All of them have billing APIs which should, in principal, allow you to build “Shutdown everything at some indefinite time interval (and additional spend) after I exceed $X”, though you’ll need to do nontrivial custom coding to tie together the various pieces to do it, and actually stopping all spend is likely going to mean nuking storage, not just halting “active” services.

None of them provide anyway to more than probabilistically do “Shut everything down before I exceed, and in a way which prevents exceeding, $X.”

Havoc · on May 5, 2021

>though you’ll need to do nontrivial custom coding to tie together the various pieces to do it,

Let me guess...hosted on the cloud we're trying to shut down?

dragonwriter · on May 5, 2021

> Let me guess...hosted on the cloud we're trying to shut down?

It needs to consume APIs from that cloud, but there is no reason it would need to be hosted there.

snorkel · on May 5, 2021

A spending kill switch can be setup on AWS using AWS Budgets alerts and Lambda but it’s a DIY project, not a built-in feature.

cesarb · on May 5, 2021

The whole point of a "spending kill switch" is as a backstop when you make a mistake; but if you do it as a "DIY project", what prevents you from making a mistake on it? It has to be a built-in feature.

ghaff · on May 5, 2021

So what services do you kill? Everything? Including databases and S3?

yjftsjthsd-h · on May 5, 2021

Ideally tunable, but sure.
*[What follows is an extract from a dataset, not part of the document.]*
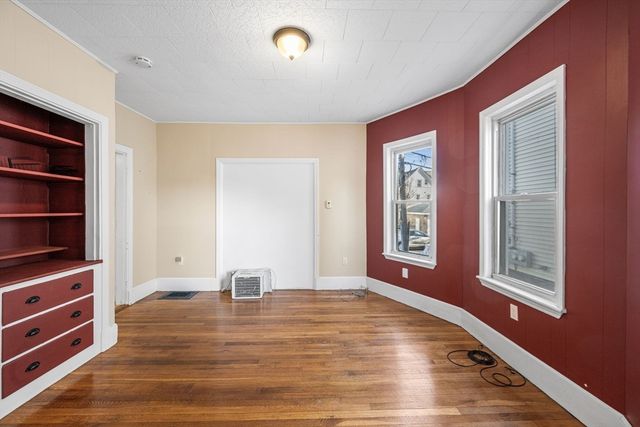 12 Porter St 1, Everett, MA 02149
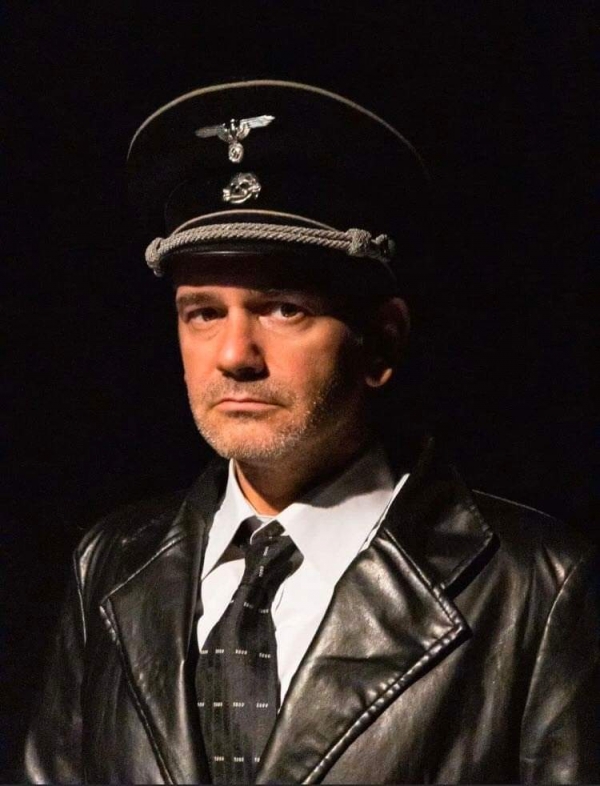 &Sigma;&upsilon;&nu;έ&nu;&tau;&epsilon;&upsilon;&xi;&eta; &tau;&omicron;&upsilon; &Sigma;&tau;έ&lambda;&iota;&omicron;&upsilon; &Pi;&epsilon;&tau;&rho;ά&kappa;&eta; &sigma;&tau;&omicron; &theta;&epsilon;&alpha;&tau;&rho;&omicron;.gr &mu;&epsilon; &alpha;&phi;&omicron;&rho;&mu;ή &tau;&eta;&nu; &pi;&alpha;&rho;ά&sigma;&tau;&alpha;&sigma;&eta; &laquo;&Omicron; &kappa;&alpha;&theta;&epsilon;́&nu;&alpha;&sigmaf; &pi;&epsilon;&theta;&alpha;&iota;́&nu;&epsilon;&iota; &mu;&omicron;́&nu;&omicron;&sigmaf; &tau;&omicron;&upsilon;&raquo; &sigma;&tau;&omicron; studio &Mu;&alpha;&upsilon;&rho;&omicron;&mu;&iota;&chi;ά&lambda;&eta;.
At least provide that option.

sixothree · on May 5, 2021

If it can be done DIY, it can be done first party.

dragonwriter · on May 5, 2021

If its done first party, someone (realistically, af AWS’ scale, a substantial number of someones) will mess up using it and nuke their account.

Customer service can correct “we screwed up and have a giant bill” easier than “we screwed up and lost all our data”.

So its not going to happen first party.

(It’s also not really possible DIY as a hard certain cutoff at or before a limit, only at an indefinite interval in time and money beyond a limit. So you still have potentially unbounded expense.)

josephorjoe · on May 5, 2021

You can set price alerts to email you on the day when you cross a monthly spending limit, but it is not the simplest thing to figure out.

I run a small server and have a few odds and ends and get emails at $5, $15, $50, $75, and $100. Haven't broken $75 limit yet...

PeterisP · on May 5, 2021

The problem is that a billing alert at $10 won't prevent you from accidentally starting up something that will bring you a $1000 bill before you can react to that email - there needs to be a process that cuts off service at some hard limit instead of just sending an email and continuing to spend money.

josephorjoe · on May 5, 2021

completely agree. even though it creates a new class of problem, there should be a "cut me off immediately at $XXXX per month" option.

diveanon · on May 5, 2021

It's not real time billing, so there is no real way to disable service until costs have been determined.

I agree that it seems like a solvable problem, but it doesn't make them money so why should they care?

newobj · on May 5, 2021

Of course there's a way. But it's opt-in, not opt-out.